Concrete negotiations between the US and the EU will commence in September through high-level working groups, and negotiation results are expected within 120 days.  According to the senior official, the timing would be around end-November, implying that there is a high possibility that the US-EU trade war will be in a stalemate situation until after the US mid-term elections scheduled for November. With this concern diminishing for the time being, Japan, US and European stocks are rising.  In addition to the fact that there is pressure on interest rates to rise due to impending monetary policy adjustment by the BOJ in Japan, the yield on US 10-year Treasury bonds has risen sharply to around 3%, the first time in about two months.  Japan’s 10-year government bond yield, which had been hovering around the 0.03% level, has soared since 7/23, reaching 0.108% on 7/27.  As a result, investors around the world are now focusing their attention on the next steps to be taken by the BOJ.
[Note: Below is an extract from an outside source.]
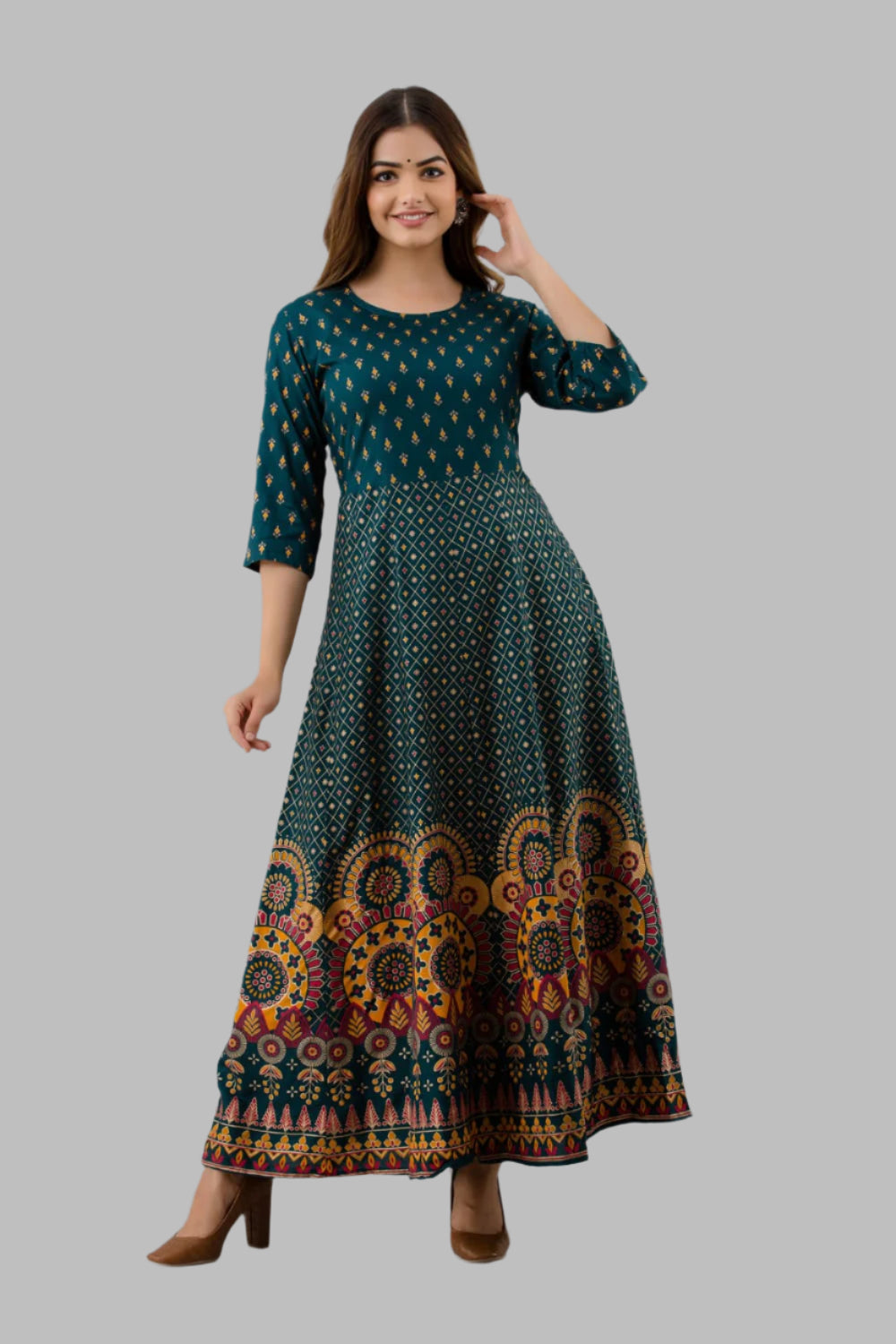 Elevate your wardrobe with this elegant Women’s Long Gown Green Kurti crafted from soft, breathable rayon. Featuring a refined design, it combines comfort with style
Corporate earnings announcements are fully in progress in both the US and Japan, and as of 7/26, 246 S&P constituent companies had released their results.  Of these, 213 companies, representing 86.6%, have EPS results which are better than market expectations.  Domestically, the 1Q earnings results have been good so far, with favorable performance confirmed for major companies like Hitachi Construction Machinery (6305) and semiconductor manufacturing equipment manufacturer Advantest (6857) , of which previously there were concerns about their respective industries.   However, import tariffs imposed by the Trump administration have pushed up the costs of some US companies such as General Motors (GM) and General Electric (GE), and are beginning to affect business results.  Therefore, we will also have to individually assess performance trends of domestic companies. 
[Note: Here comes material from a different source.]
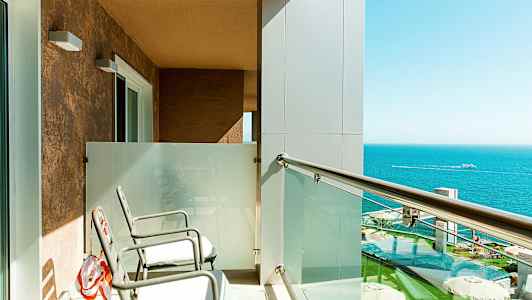 Altan med to stole, glasrækværk og udsigt over havet. (AI-genereret tekst)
In the 7/30 issue, we will be covering LINE (3938),   Shin-Etsu Chemical (4063), OBIC (4684), Milbon (4919), Advantest (6857) and Nippon Valqua Industries (7995).

 

Selected Stocks

LINE Corp (3938)

・Established in 2000.  Implementing business portal business via the mobile messaging app “LINE”.  Providing services such as games, videos, music distribution, photos / videos, news, etc through the “LINE” platform.

・For 1H (Jan-June) of FY2018/12, revenue increased by 26.3% to 99.361 billion yen compared to the same period the previous year, operating income decreased by 44.6% to 10.321 billion yen, and net income decreased by 71.7% to 2.912 billion yen.   Revenue increased owing to increase in online advertising revenue, but as a result of business expansion, personnel expenses have ballooned. 

Expenses related to financial business expansion and AI development had also become a burden. 

・For FY2018/12 plan, market expectations are for revenue to increase by 25.7% to 210.021 billion yen compared to the previous year, operating income to decrease by 43.7% to 14.125 billion yen, and net income to decrease by 50.8% to 4.043 billion yen.  Company aims to energize the use of QR / barcode settlements and will be upgrading the “LINE Pay” incentive program “My Color” from 8/1.

Shin-Etsu Chemical Co., Ltd (4063)

・Founded in 1926.  Manufactures and sells vinyl chloride, caustic soda, silicones, functional chemicals, semiconductor silicon and electronics / functional materials. PVC production capacity of US subsidiary Shintech is the largest in the world.  Has top share in the world for PVC, silicon wafers, synthetic quartz products, advanced photomask blanks and synthetic pheromones. 

・For 1Q (Apr-June) of FY2019/3, net sales increased by 14.1% to 383.633 billion yen compared to the same period the previous year, operating income increased by 28.7% to 95.405 billion yen, and net income increased by 37.3% to 73.718 billion yen.  Main products such as PVC and caustic soda have maintained high levels of shipment.  Shipments of semiconductor silicon also grew against the backdrop of robust demand for semiconductor devices, and price corrections are also in progress.

・For FY2019/3 plan, net sales is expected to increase by 4.1% to 1.5 trillion yen compared to the previous year, operating income to increase by 6.9% to 360.0 billion yen, and net income to increase by 1.4% to 270.0 billion yen.  US subsidiary Shintech has started construction of an integrated PVC resin plant.  Construction investment is expected to be 1.49 billion dollars, with operation scheduled to start in 2021.